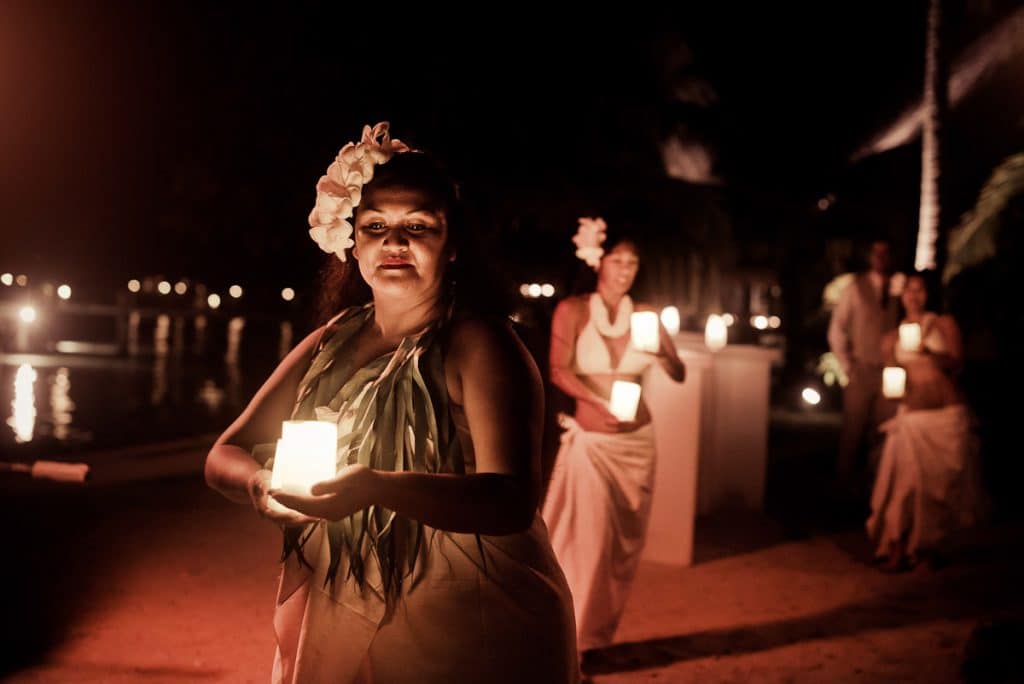 Tahiti destination wedding entertainment
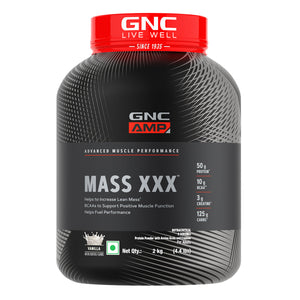 GNC AMP Amplified Mass XXX, 2kg (Vanilla)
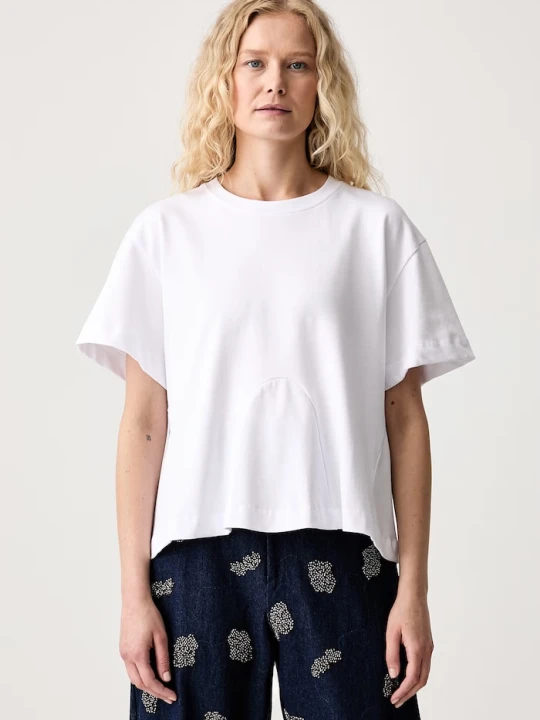 Zdjęcie produktu MUNTHE T-shirt damski bawełniany VUPITER biały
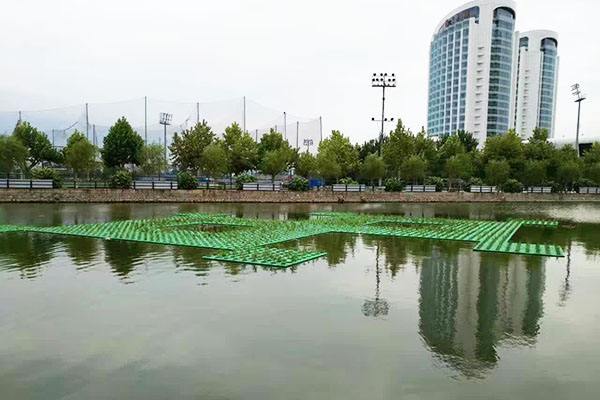 潼南：加强河道整治 打造美丽乡村 欧保生态浮岛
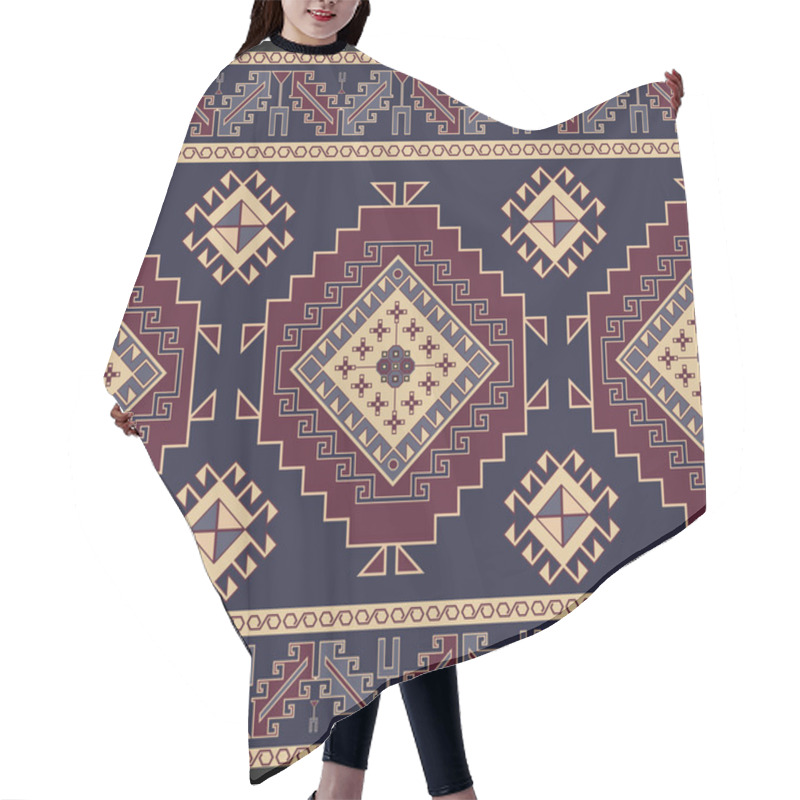 Personality  Abstract Geometric Seamless Pattern In Ethnic Style Hair Cutting Cape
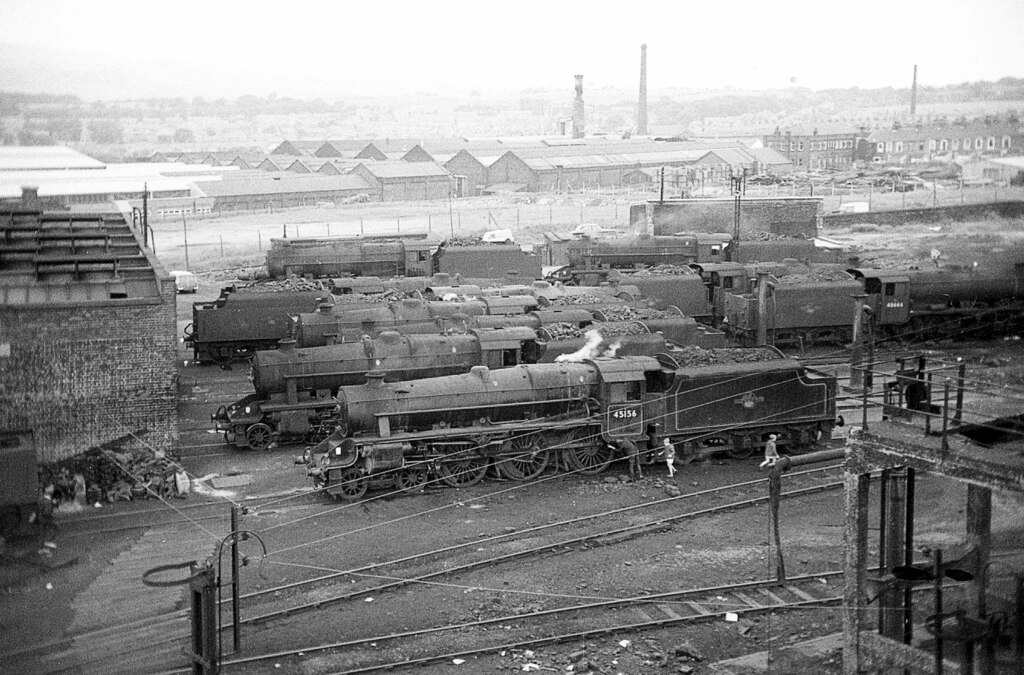 Rose Grove Shed and yard from Coaling... © Martin Tester :: Geograph ...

**What you should do**
Output the data exactly as it appears. The pictures do not belong in it.

**Written response**
 Tahiti destination wedding entertainment
 GNC AMP Amplified Mass XXX, 2kg (Vanilla)
 Zdjęcie produktu MUNTHE T-shirt damski bawełniany VUPITER biały
 潼南：加强河道整治 打造美丽乡村 欧保生态浮岛
 Personality  Abstract Geometric Seamless Pattern In Ethnic Style Hair Cutting Cape
 Rose Grove Shed and yard from Coaling... © Martin Tester :: Geograph ...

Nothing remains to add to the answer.